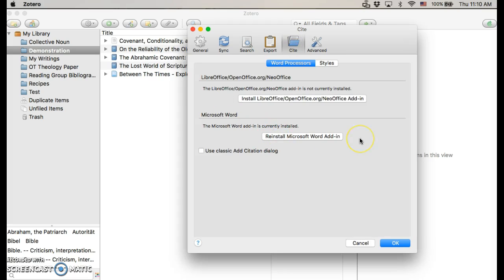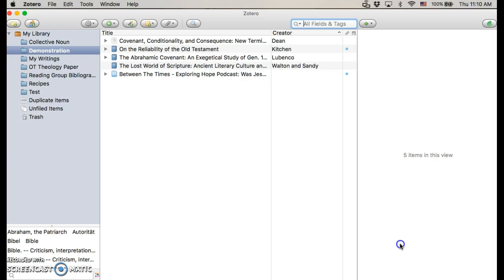Once you click on Cite, in my case it says "Install Microsoft Word Add-in" — you would want to click that. Or if you're using those other programs, there are add-ins for those as well. Once you've done that, click OK.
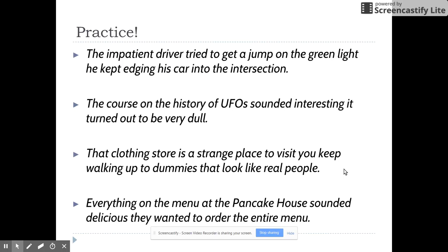Here are some examples you could go through on your own: 'The impatient driver tried to get a jump on the green light. He kept edging his car into the intersection.' All of these sentences are fused sentences — they're missing any kind of punctuation whatsoever. You could try your hand at a couple different ways, or actually try all four of the different ways of correcting the run-on sentence.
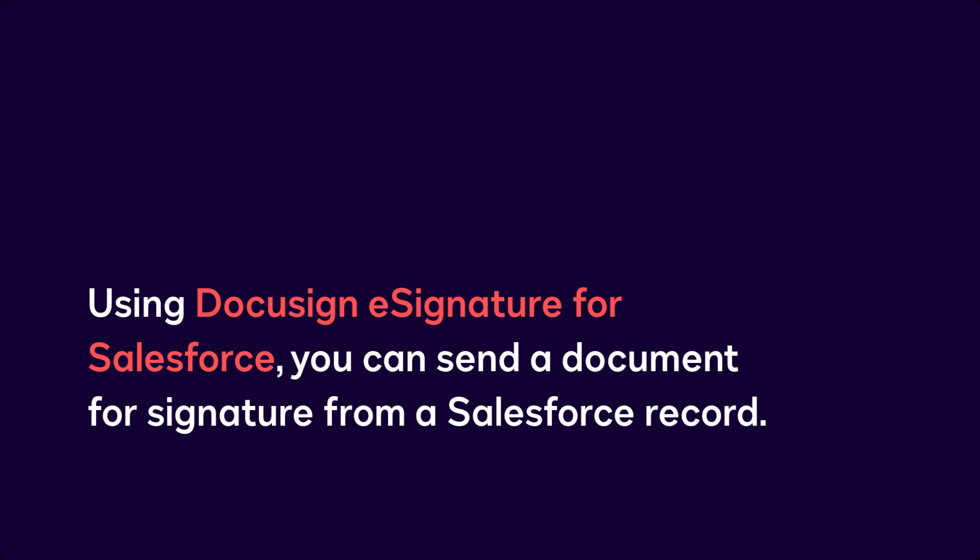Using DocuSign eSignature for Salesforce, you can send a document for signature from a Salesforce record.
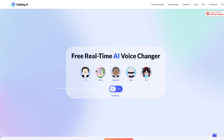Hello everybody and welcome. Today we are about to discuss how to get free voices on Dubbing AI in 2024. This is going to be the updated method — make sure to follow till the end so you don't miss a single step. Before we begin, subscribe to our channel.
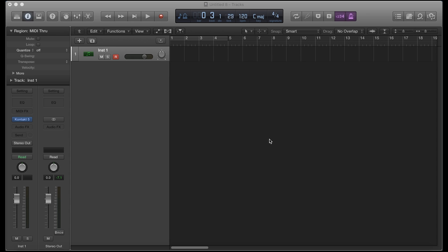Hey, what's good everybody, it's CJ Beats. Today I'm going to show you how you can create tape stop effects in Logic Pro X. For those of you that don't know what a tape stop is, it's basically an effect that sounds like somebody put their finger on a record and it starts to slow down. It's used in a lot of hit songs nowadays and it's definitely a dope effect to add to your arsenal. For the most part when I use it, I use it in an intro — you have a four or eight bar intro and then the tape stop comes in right before the hook drops or the drums come in.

--------------------------------

Leaving the pictures out, transcribe word for word the lines from the one with "Using DocuSign eSignature" to the end of the material above, inclusive, and nothing else.

Using DocuSign eSignature for Salesforce, you can send a document for signature from a Salesforce record.
Hello everybody and welcome. Today we are about to discuss how to get free voices on Dubbing AI in 2024. This is going to be the updated method — make sure to follow till the end so you don't miss a single step. Before we begin, subscribe to our channel.
Hey, what's good everybody, it's CJ Beats. Today I'm going to show you how you can create tape stop effects in Logic Pro X. For those of you that don't know what a tape stop is, it's basically an effect that sounds like somebody put their finger on a record and it starts to slow down. It's used in a lot of hit songs nowadays and it's definitely a dope effect to add to your arsenal. For the most part when I use it, I use it in an intro — you have a four or eight bar intro and then the tape stop comes in right before the hook drops or the drums come in.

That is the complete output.